*WORK TASK*
Copy exactly. Begin with the line that contains "SCHRADER BELLOWS L525-59-21" and stop after the last line of the records.

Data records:
'''
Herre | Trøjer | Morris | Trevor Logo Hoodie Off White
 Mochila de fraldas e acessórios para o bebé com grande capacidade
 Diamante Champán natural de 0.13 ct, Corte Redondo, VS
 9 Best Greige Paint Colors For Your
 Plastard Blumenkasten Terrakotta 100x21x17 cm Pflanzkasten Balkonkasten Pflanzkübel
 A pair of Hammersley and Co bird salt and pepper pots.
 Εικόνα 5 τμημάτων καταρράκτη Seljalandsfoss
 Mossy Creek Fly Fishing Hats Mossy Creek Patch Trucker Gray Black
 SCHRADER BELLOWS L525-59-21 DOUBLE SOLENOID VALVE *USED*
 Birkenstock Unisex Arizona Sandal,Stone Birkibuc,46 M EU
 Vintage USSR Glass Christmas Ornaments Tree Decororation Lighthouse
'''
*TASK SOLUTION*
 SCHRADER BELLOWS L525-59-21 DOUBLE SOLENOID VALVE *USED*
 Birkenstock Unisex Arizona Sandal,Stone Birkibuc,46 M EU
 Vintage USSR Glass Christmas Ornaments Tree Decororation Lighthouse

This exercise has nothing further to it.